Closed GoogleCodeExporter closed 8 years ago
The protobuf-c library currently makes no specifications about how your
messages are allocated. (That's why there is "free_unpacked" method not "free"
- in general, we can only tell you how to deallocate if you tell us how to
allocate.)
Of course, we have an "init" function if you don't care about deallocating.
There are at least two workarounds... (i don't see an attachment so i can't
comment on your exact change)
(1) use a static buffer, but copy it before sending it.
static MyMessage message_default_value = MY__MESSAGE__INIT;
static void send_message(...)
{
MyMessage to_send = message_default_value; // or just use MY__MESSAGE_INIT
to_send.... = ...; /// set up your values
my__message__pack (&to_send, ...);
}
or you can use
static MyMessage my_message;
void send_message(...)
{ my__message__init (&my_message);
...
}
in both cases, YOU are responsible for memory management - if you allocate, you
must free.
Original comment by lahike...@gmail.com
on 29 Nov 2011 at 2:57
It is indeed good to let the user allocate and deallocate memory, specially in
a bare-metal system where a non-standard OS may be used.
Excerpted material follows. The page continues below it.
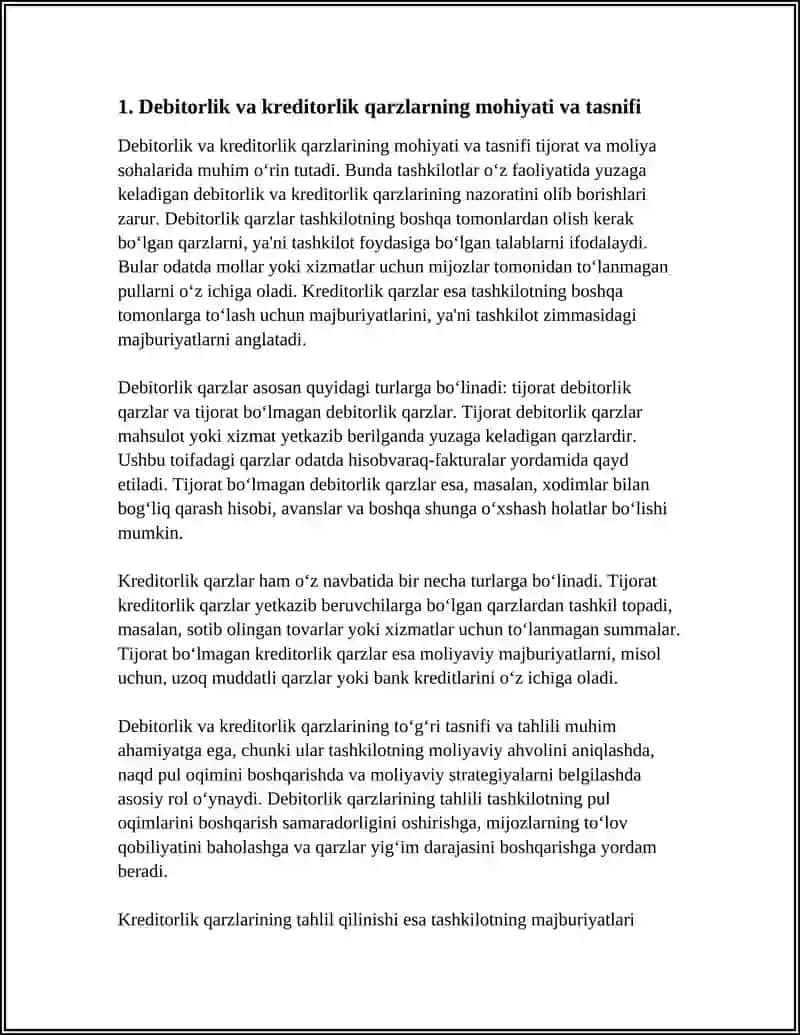 DEBITORLIK VA KREDITORLIK QARZLARINING TAHLILI 3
I myself use static
allocation mostly. However, there could be helper functions (maybe with weak
linking?) because it's pretty annoying to write allocation and deallocation
functions for every repeated member. That way, the user would only have to
write the function once.
Original comment by ronanpaixao@gmail.com
on 29 Nov 2011 at 10:47
i do have some plans along these lines: namely allowing the messages to specify
their own allocation policy.
then you'll be able to write a helper library for supporting read/write access.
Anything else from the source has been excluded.